▽
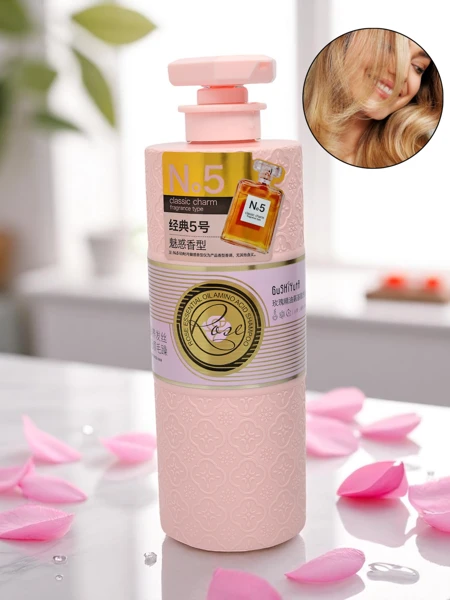 Увлажняющий шампунь с миндальным маслом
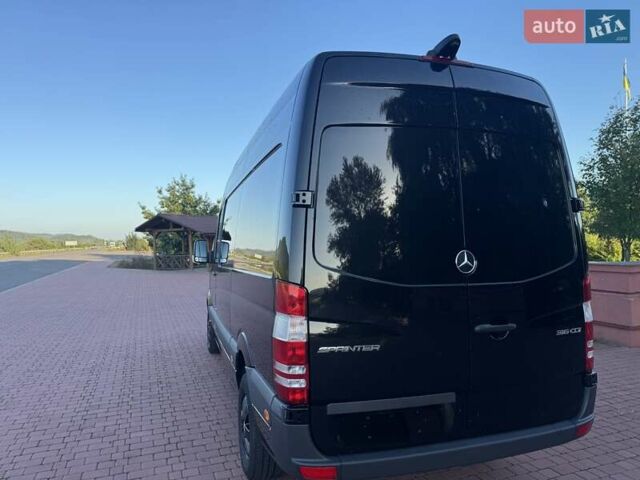 Чорний Мерседес Sprinter, об'ємом двигуна 2.2 л та пробігом 245 тис. км за 21500 $, фото 6 на Automoto.ua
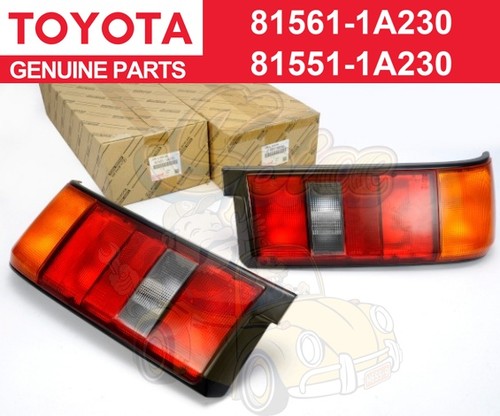 Toyota taillight back lamp - toyota,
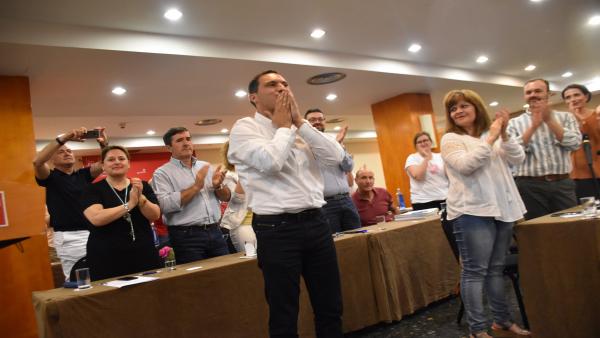 PSOE Cuenca decide que el alcalde de Almonacid del Marquesado, Álvaro Martínez Chana, sea presidente de la Diputación PSOE Cuenca decide que el alcalde de Almonacid del Marquesado, Álvaro Martínez Chana, sea presidente de la Diputación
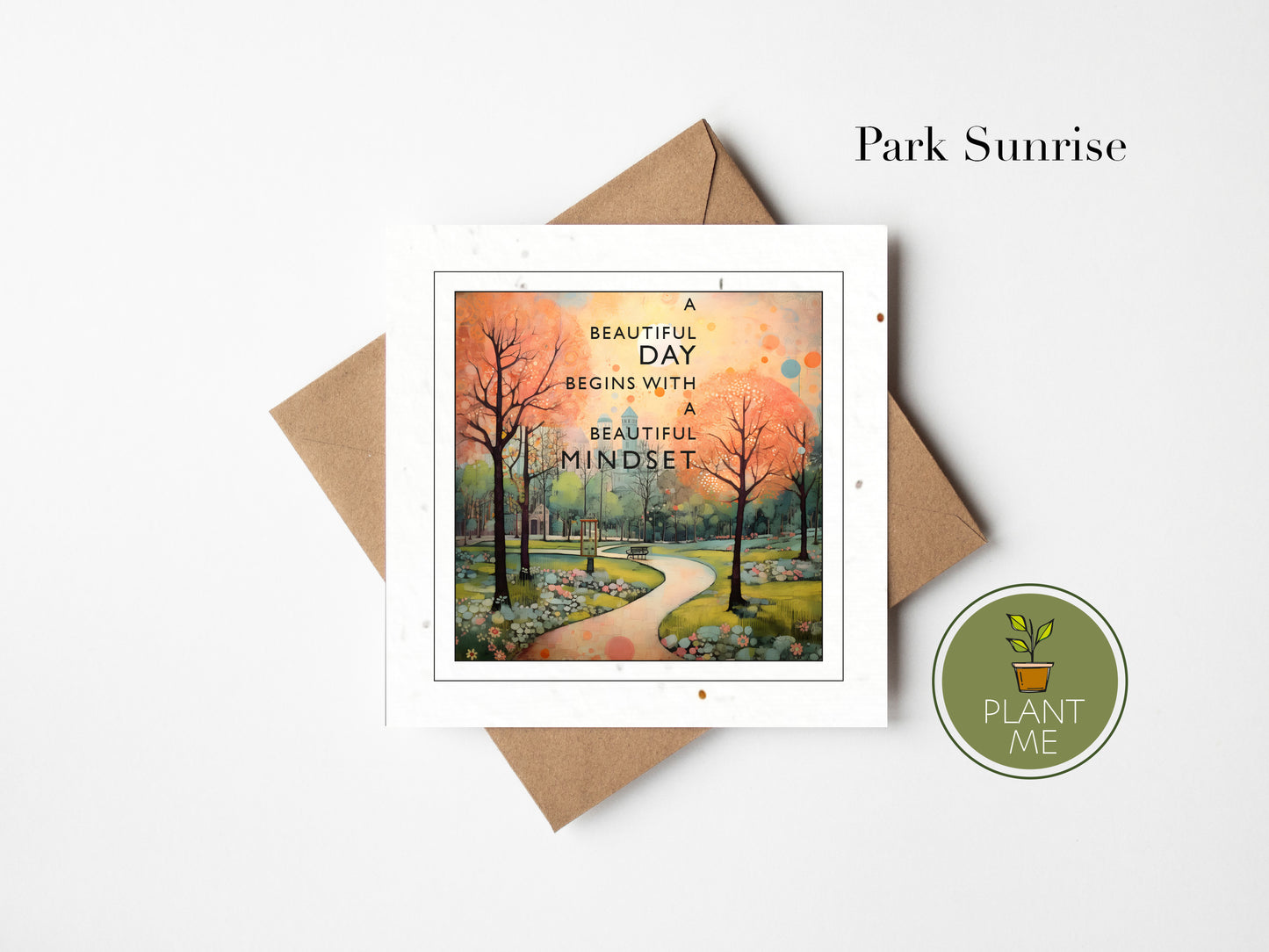 The Mindful Quote Set- Square Cards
△
■ Goal of the exercise: Extract, verbatim and alone, the lines from the line that contains "Чорний Мерседес Sprinter, об'ємом" to the last line of the records, inclusive; drop any picture.

■ Reply to the exercise:
 Чорний Мерседес Sprinter, об'ємом двигуна 2.2 л та пробігом 245 тис. км за 21500 $, фото 6 на Automoto.ua
 Toyota taillight back lamp - toyota,
 PSOE Cuenca decide que el alcalde de Almonacid del Marquesado, Álvaro Martínez Chana, sea presidente de la Diputación PSOE Cuenca decide que el alcalde de Almonacid del Marquesado, Álvaro Martínez Chana, sea presidente de la Diputación
 The Mindful Quote Set- Square Cards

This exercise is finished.